The Chargers kicked off free agency with a bang, bringing in 13-year veteran Takeo Spikes to fix up the middle of their defense. For more on what this physical specimen brings to the table, we check in with Craig Massei, publisher of Niners Digest.

Takeo Spikes brings a loaded resume to San Diego. He has compiled 1,239 tackles, 14 forced fumbles and 18 picks during stints with the Cincinnati Bengals (five years), Buffalo Bills (four years), Philadelphia Eagles (one year) and San Francisco 49ers.

He was sensational the last three years in San Francisco, where he worked under defensive coordinator Greg Manusky. Manuksy is now in San Diego and was eager to bring Spikes along for the ride.

In addition to shoring up a run defense that was manhandled at times last season, Spikes will also be asked to mentor youngsters Donald Butler and Jonas Mouton.

For more on Spikes, we check in with Craig Massei, publisher of

You'd think that after 1,519 career tackles and 13 seasons of NFL wear and tear, Takeo Spikes would be slowing down at age 34. But that certainly wasn't the case last season with the 49ers – or in any of Spikes' three seasons in San Francisco.

Instead of displaying gradual decline as many veterans do at that stage of their career, Spikes got better every season as one of the ringleaders in San Francisco's 3-4 defensive scheme, where the cagy veteran developed a strong rapport with defensive coordinator Greg Manusky, who in turn built a lot of confidence and trust in Spikes.
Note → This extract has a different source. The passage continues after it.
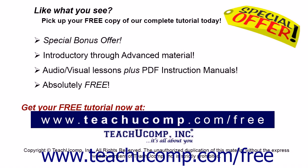Like what you see? Pick up your free copy of the complete tutorial at www.teachucomp.com/free.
The mutuality of that working relationship should continue now that both are reunited in San Diego. Just the fact alone that the Chargers are signing Spikes tells you what Manusky thinks of him, and what Manusky thinks Spikes can add to the NFL's reigning No. 1 defense. If nothing else, Spikes will be an asset thanks to his maturity, experience, strong leadership qualities and the fact he probably has seen and done more in the NFL than any other San Diego defender.
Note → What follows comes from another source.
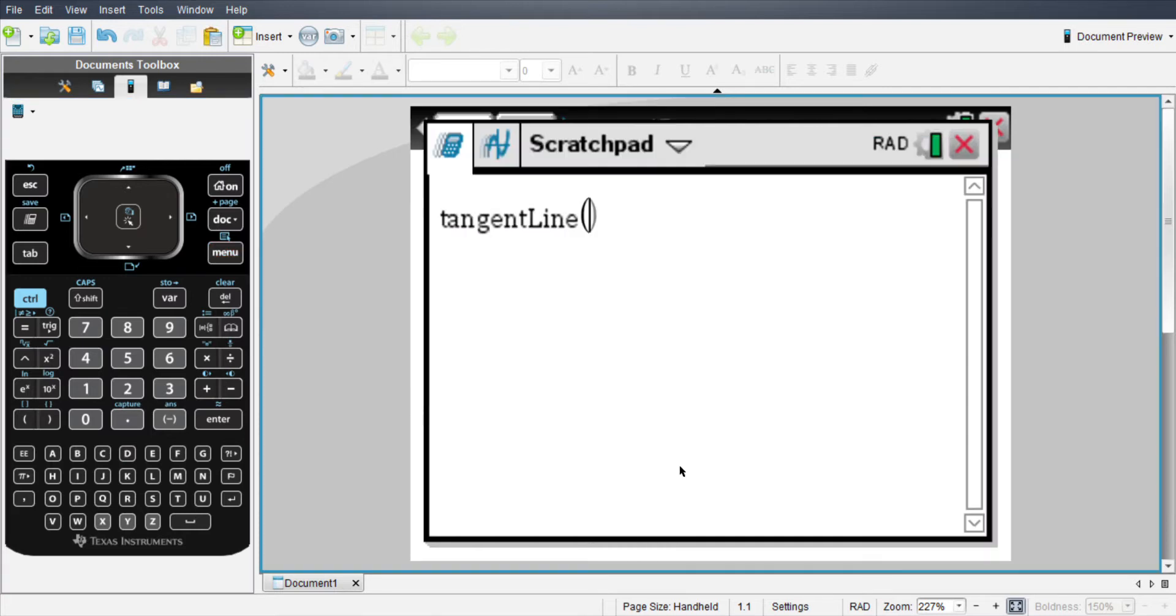So then 4 and then 9 for tangent line. It's going to pull up the tangent line function followed by a set of parentheses.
But there is something else: Spikes can still play. After drafting a top prospect in the third round last year, the 49ers were hoping to phase out Spikes in favor of rookie NaVorro Bowman early in the season. But Spikes was having none of it. He shrugged off the challenge from the younger, more athletic rookie and went on to have his best season with the 49ers, which featured 125 tackles, three interceptions and a fumble recovery.
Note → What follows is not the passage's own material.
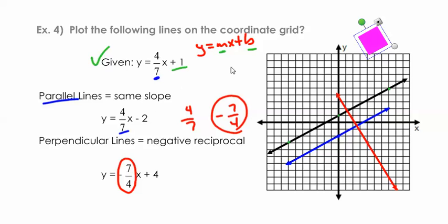I hope this helps you understand the concept behind parallel and perpendicular lines when talking about slope. Have a very good day.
Spikes has the size to take on blockers and his aggressive qualities make him effective in heavy traffic. He is a sure tackler, and he obviously has benefitted the last three years from playing next to All-Pro Patrick Willis, who always gets double-teamed, leaving Spikes in many one-on-one battles, which he can win.

The downside of Spikes' aggressiveness in taking on blockers is that he has trouble shedding them once engaged. He also doesn't have great lateral speed. He has benefitted from a San Francisco system that keeps him near the middle of the trenches.

That said, he has played surprisingly well in coverage, recording six interceptions in his three San Francisco seasons. The 49ers gave Bowman an opportunity on third downs early last season, but that experiment ended when Spikes proved that he still could be reliable in coverage and perform as a three-down linebacker.

Whether he can be a three-down linebacker for what the Chargers expect from him is open to question. But know this: San Diego is getting a quality individual who knows the game and has performed at the highest level of it for much of his career. He'll be a leader the moment he steps into that locker room – he was San Francisco's player representative – and the Chargers will be glad they stole him from the 49ers, who wanted him back, despite what Spikes may say about the team's lukewarm interest in his return.